Photo from the eighth day of our crazy long distance rail trip from home (London) to Sicily. We had had an unscheduled but happy first night stopover in Paris because our Eurostar train out of London was badly delayed due to 'a fatality [unexplained - perhaps fortunately] on the train'. We therefore missed our onward sleeper train connection to Rome, so spent our second day in Paris. We left Paris that evening, on the equivalent sleeper train service a day later. We reached Rome during the third day, where we changed to a daytime train for Catania, Sicily, arriving there the same evening. Our fourth day was our first full day in Sicily, and we spent this in the centre of Catania itself. We spent our fifth day on an excursion to Mount Etna run by GeoEtnaExplorer. We chose this tour company because the guides are geologists. Our particular tour went high up on the flanks on the summit, but not to the summit proper.
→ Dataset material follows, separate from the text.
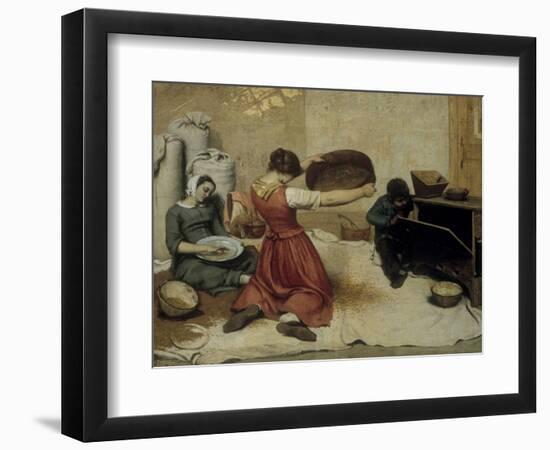 Winnowing Wheat-Gustave Courbet-Framed Art Print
For this sixth day, our final full day in Sicily, we took the bus from Catania (our base) to Siracusa, in search of Ancient Greek remains, while also getting distracted by other interesting sights, and some excellent ice cream, at various points in the day. But perhaps the most spectacular thing was the huge thunderstorm which hit us in the early part of the afternoon. The seventh day was the start of our homeward journey, for which we took our sixth train of the trip, from Catania and ending with an overnight stop in Rome. We spent the eighth day on a long walk through the heart of Rome, where we hadn't been back since I worked there briefly many years ago, before continuing our way home to London by catching a sleeper train that evening to Paris.

 

By the end of the whole holiday trip we had seen things and sites from ancient Greek time to modern, so the trip felt like a mini Grand Tour. Or given the rich mythology of Sicily, Etna and the Straits of Messina (Odysseus, the Cyclops, Scylla & Charybdis, etc.) perhaps our trip was like a modern mini Odyssey of our times. Odysseus took ten years to get home. It took us ten trains - but no monsters.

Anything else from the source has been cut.